With every breath individual moments of thought and emotion

Little pangs that rattle and tap at my conscience heart

Enter and exit with kindness regardless of felt pleasure or pain

Not mine to edit, simply notice

In my quiet

The judge, the jury and the critic no longer speaking with such volume and in disruptive ways

Creating space the waves now able to reach my shore

Sitting by the ocean I am reminded,

What was lost to the noise of my spirit and mind

Now seems so effortlessly found

In my pauses, in clarified silent ways

I find myself breathing the simple nature of missing you in my days

~Alisa Hutton

All I Own

hands

Floating through me freely

Deeply felt emotions greeted as objects of curiosity

My heart is the tithing I offer and the most valuable thing I own

Words run through my subconscious reminding me

Be mindful and loving

We are all walking each other home

I wonder what possibilities we design

When it comes to our heart is there ever a right or wrong

Perhaps tasting one another’s bitter and sweet proportions with open nature is truly what makes us whole

Softening our lines just a little, maybe our hearts have a chance to walk through unexplored doors

Floating through me freely I gently understood

Love is all I wish to grow

~Alisa Hutton

Succulent

lips

Cashmere

Close your eyes and imagine the feel, hers

Touch with bated intensity, softly, she wants to be mapped in long curious stroke

One finger at a time, deep, slow

She is the muse and the poet

Paint her canvas, devour whole

She draws you closer, her breath, listen, feel it

Climbing up your neck, her lips gently whisper all you need to know

She is warming a story, anticipatory rhapsodic rhythm, motion, hers and yours

Did you notice the sapphire rug on the floor?

Take off your shoes, she plans to have you there, take you in effortless flow

Transcend

Take her closer to God

Succulent

A word you should know

~Alisa Hutton

A Fine Mist

mist

Love you feel, unspoken

That long hug you want to extend, never given

Desires so deeply churning inside, forever hidden

Instincts of vulnerability wrapped and boxed, echoed silent thoughts

Perception of a safe life and uniformity held with higher regard than the breath that gives you life

Your heart beat reflects not the love you feel but the tick of your beating clock

With a heart full of love and a soul cracked wide open

I wonder with curiosity

Why you are watching it all disappear like a fine mist floating through your fingertips

~Alisa Hutton

Wonderland

aw

I I sometimes wonder if I read Alice in Wonderland too many times as a child.
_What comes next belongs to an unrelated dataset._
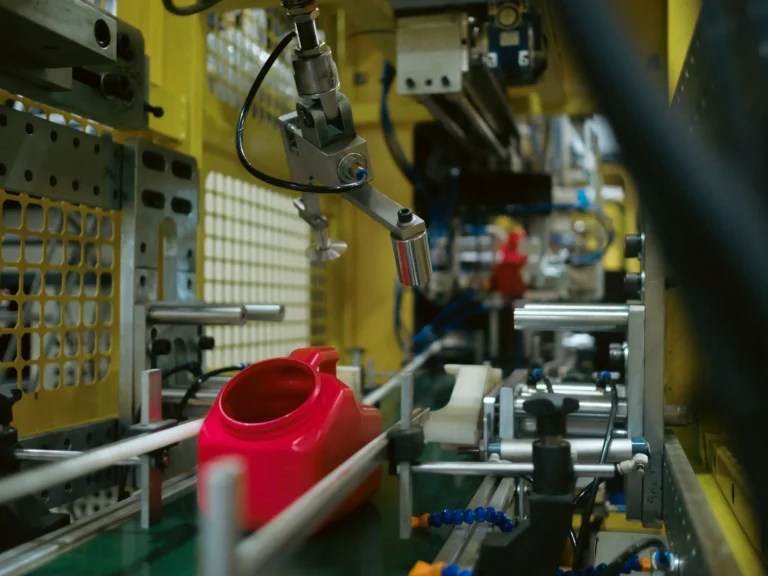 Blow molding equipment producing a red plastic container in a manufacturing facility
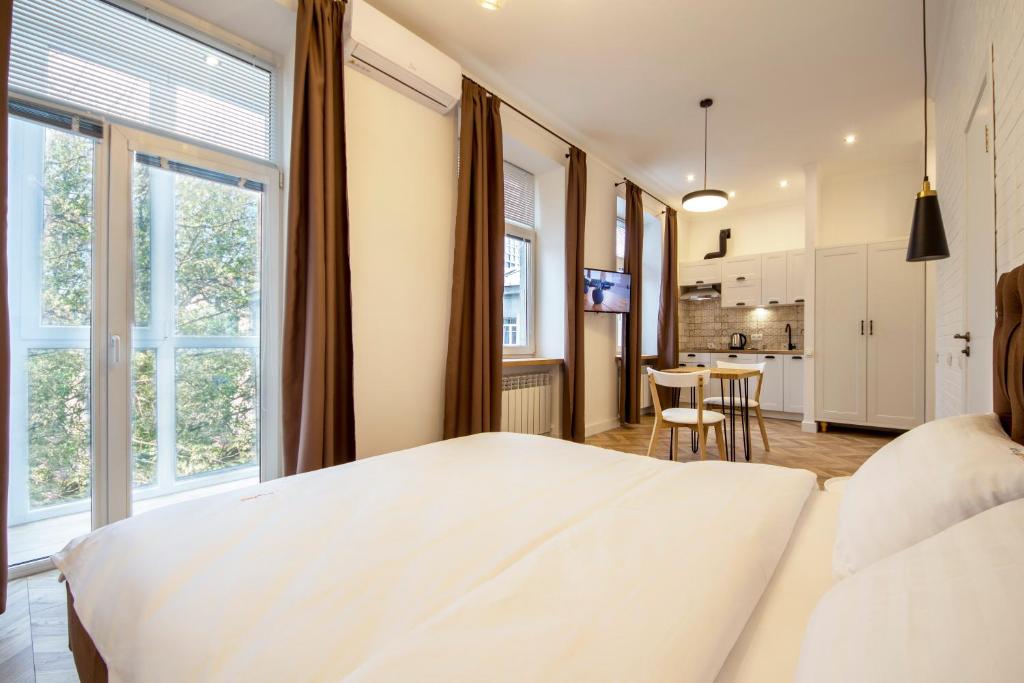 sypialnia z białym łóżkiem i stołem w obiekcie Idea Design Apart-Hotel Chykalenka w Kijowie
Perhaps too many rainy days spent outside as a 6 year old? In the quiet looking at the water rushing down the street creating great stories of wild, river adventures in my mind. While all the other kids were playing kick the can in the August heat there I was laying on my back in the grass forming animal shapes in the clouds. Watching neighborhood kids build tree forts while I sat on the cement contently drawing my pictures on scrap pieces of paper with my broken crayons.

Always observing, quietly watching. Not understanding it all but unbendingly curious. When life became noisy, felt unfair or hard I would make my own wonderland. Diving in to my vivid imagination full of color and magic. With a delayed blink I could transport myself to a wonderful place where the flowers grew better, the grass softer and greener, and the sky always bright blue with fluffy white clouds. Rainbows around every corner. Everyone smiled and was full of love in my wonderland. Hearts were so big and full you just had to stop and say hello to them.

With a delayed blink I can still transport myself there. I wonder, was it protective nature or early wisdom. Do we have imagination to make the world feel a little less lonely and harsh? Or maybe we have imagination because we are the people who are supposed to create a more magical world? Maybe we see it so others can believe a better world exist for them too?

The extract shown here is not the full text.